Myths and Legends of All Nations Famous Stories from the Greek, German, English, Spanish, Scandinavian, Danish, French, Russian, Bohemian, Italian and other sources
Page: 128Then Oliver turned to Roland, and said, "Sound your horn; my friend, Charles will hear it, and will return."
"I were a fool," answered Roland, "so to do. Not so; but I will deal these heathen some mighty blows with Durendal, my sword. They have been ill-advised to venture into these passes. I swear that they are condemned to death, one and all."
After a while, Oliver said again, "Friend Roland, sound your horn of ivory. Then will the King return, and bring his army with him, to our help." But Roland answered again, "I will not do dishonor to my kinsmen, or to the fair land of France. I have my sword; that shall suffice for me. These evil-minded heathen are gathered together against us to their own hurt. Surely not one of them shall escape from death."

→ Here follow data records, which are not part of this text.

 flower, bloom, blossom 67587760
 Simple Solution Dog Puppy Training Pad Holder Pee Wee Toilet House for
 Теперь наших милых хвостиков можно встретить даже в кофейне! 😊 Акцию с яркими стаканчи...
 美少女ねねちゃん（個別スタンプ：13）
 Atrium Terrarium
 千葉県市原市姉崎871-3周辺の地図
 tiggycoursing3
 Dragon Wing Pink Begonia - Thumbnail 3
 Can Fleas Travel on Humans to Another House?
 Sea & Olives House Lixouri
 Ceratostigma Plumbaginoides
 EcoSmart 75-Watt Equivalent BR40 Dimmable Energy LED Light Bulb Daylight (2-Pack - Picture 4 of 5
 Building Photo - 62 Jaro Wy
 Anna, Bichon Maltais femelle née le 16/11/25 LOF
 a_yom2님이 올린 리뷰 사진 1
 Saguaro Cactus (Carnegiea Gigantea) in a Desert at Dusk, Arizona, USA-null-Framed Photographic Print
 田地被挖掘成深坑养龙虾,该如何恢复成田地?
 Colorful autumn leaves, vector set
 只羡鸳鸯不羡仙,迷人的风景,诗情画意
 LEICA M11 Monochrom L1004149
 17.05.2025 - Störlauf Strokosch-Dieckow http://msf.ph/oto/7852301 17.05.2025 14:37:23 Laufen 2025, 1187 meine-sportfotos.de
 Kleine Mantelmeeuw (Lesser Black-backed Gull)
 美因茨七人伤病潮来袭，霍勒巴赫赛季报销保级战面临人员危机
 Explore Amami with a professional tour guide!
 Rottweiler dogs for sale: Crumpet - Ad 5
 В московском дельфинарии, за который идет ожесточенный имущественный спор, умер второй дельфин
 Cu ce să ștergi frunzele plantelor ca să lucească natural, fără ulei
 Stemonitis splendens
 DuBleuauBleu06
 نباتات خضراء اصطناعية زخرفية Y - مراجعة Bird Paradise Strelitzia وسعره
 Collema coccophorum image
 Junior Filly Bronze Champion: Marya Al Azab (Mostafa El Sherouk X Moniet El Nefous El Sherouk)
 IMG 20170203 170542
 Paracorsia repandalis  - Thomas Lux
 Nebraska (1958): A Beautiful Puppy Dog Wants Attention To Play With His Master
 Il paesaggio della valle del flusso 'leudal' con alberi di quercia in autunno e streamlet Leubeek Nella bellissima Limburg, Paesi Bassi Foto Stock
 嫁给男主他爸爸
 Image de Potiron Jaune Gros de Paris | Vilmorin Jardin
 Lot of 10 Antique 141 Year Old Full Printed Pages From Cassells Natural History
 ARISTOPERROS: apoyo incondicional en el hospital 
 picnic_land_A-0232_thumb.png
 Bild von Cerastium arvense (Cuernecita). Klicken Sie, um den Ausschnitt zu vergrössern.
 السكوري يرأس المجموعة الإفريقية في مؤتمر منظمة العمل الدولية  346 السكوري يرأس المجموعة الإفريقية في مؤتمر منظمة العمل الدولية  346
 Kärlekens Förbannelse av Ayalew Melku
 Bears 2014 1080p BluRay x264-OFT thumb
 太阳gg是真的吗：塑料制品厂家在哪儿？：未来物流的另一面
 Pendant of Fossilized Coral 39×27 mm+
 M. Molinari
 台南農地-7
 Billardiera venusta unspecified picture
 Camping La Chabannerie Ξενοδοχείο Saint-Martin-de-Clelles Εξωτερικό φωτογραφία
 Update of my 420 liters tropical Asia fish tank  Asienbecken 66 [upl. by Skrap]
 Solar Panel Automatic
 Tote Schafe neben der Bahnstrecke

"As for me," said Oliver, "I see not where the dishonor would be. I saw the valleys and the mountains covered with[Pg 253] the great multitude of Saracens. Theirs is, in truth, a mighty array, and we are but few."
"So much the better," answered Roland. "It makes my courage grow. 'Tis better to die than to be disgraced. And remember, the harder our blows the more the King will love us."
Roland was brave, but Oliver was wise. "Consider," he said, "comrade. These enemies are over-near to us, and the King over-far. Were he here, we should not be in danger; but there are some here today who will never fight in another battle."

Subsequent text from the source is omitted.